I don’t have any performance issues because of cache misses in vertex cache. But, since, I have vertex cache optimization in my content pipeline and i want to use it with proper cache size - this is an optimization that comes for free and it would be a crime to not use it.

I’ve discussed this with the engineer who implemented PVRGeoPOD’s triangle sorter. Rogue devices do not have a dedicated vertex cache (a dynamic amount of space is allocated from a generic cache). Additionally, it’s extremely difficult to account for other variables in the graphics pipeline, such as clipping and culling (back face, small triangle etc.) to optimize Parameter Buffer writes/reads.



Our recommendation is to use a generic triangle sorting algorithm for Rogue graphics cores.

StiX, if you search the web a bit, you’ll find info from PowerVR on SGX (Series 5) that states the number of verts you can fit in the post-transform vertex cache is a function of how much varying data you output per vertex shader execution: more varyings == fewer cached vertices.



This sounds like the same scheme desktop GPUs built on unified shader cores have been using for quite a while, where there’s a fixed amount of space dedicated for vertex cache, and it’s “divied up” among the transformed verts based on how much space each needs (total_verts = total_bytes / bytes_per_vert).



Don’t know for sure, but the same is probably true for Series 6.



In any case, I’d suggest you use a vertex cache optimizer that isn’t hard-wired to a specific vertex cache size, degrading gracefully with smaller cache sizes. For instance, Tom Forsyth’s optimizer is a good one:


is a function of how much varying data you output per vertex shader execution: more varyings == fewer cached vertices.

I don't see the relationship between the amount of varyings and the amount of cached vertexes.
PS Vita documentation I have clearly states, that vertex cache stores only N indexes on last vertices. So optimize your meshes for this amount

That’s very interesting, StiX. Websearching a bit, sounds like the Vita is a Series 5XT (SGXMP; SGX543). In your doc quote, do they give a fixed number for “N”?
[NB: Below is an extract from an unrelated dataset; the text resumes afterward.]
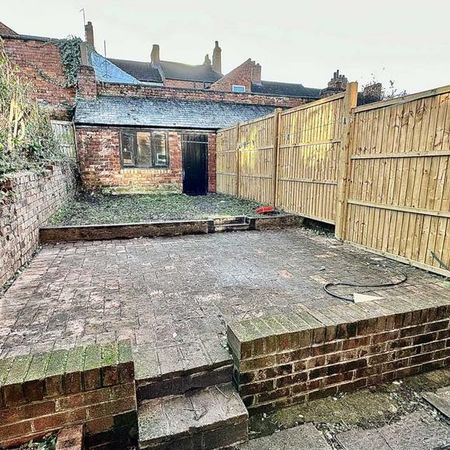 2 bedroom terraced house to rent - Photo 3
However, in the “POWERVR SGX OpenGL ES 2.0 Application Development Recommendations” (also found through a websearch), it says:


3.4.1. Vertex Processing FIFO
POWERVR SGX has a cache for processed vertices. This cache will hold a few previously transformed vertices so keeping them together will increase the Vertex Shader throughput. The
smaller the transformed vertex format the more effective the FIFO will be so try to reduce the amount of data passed from the vertex shader to the fragment shader (varyings).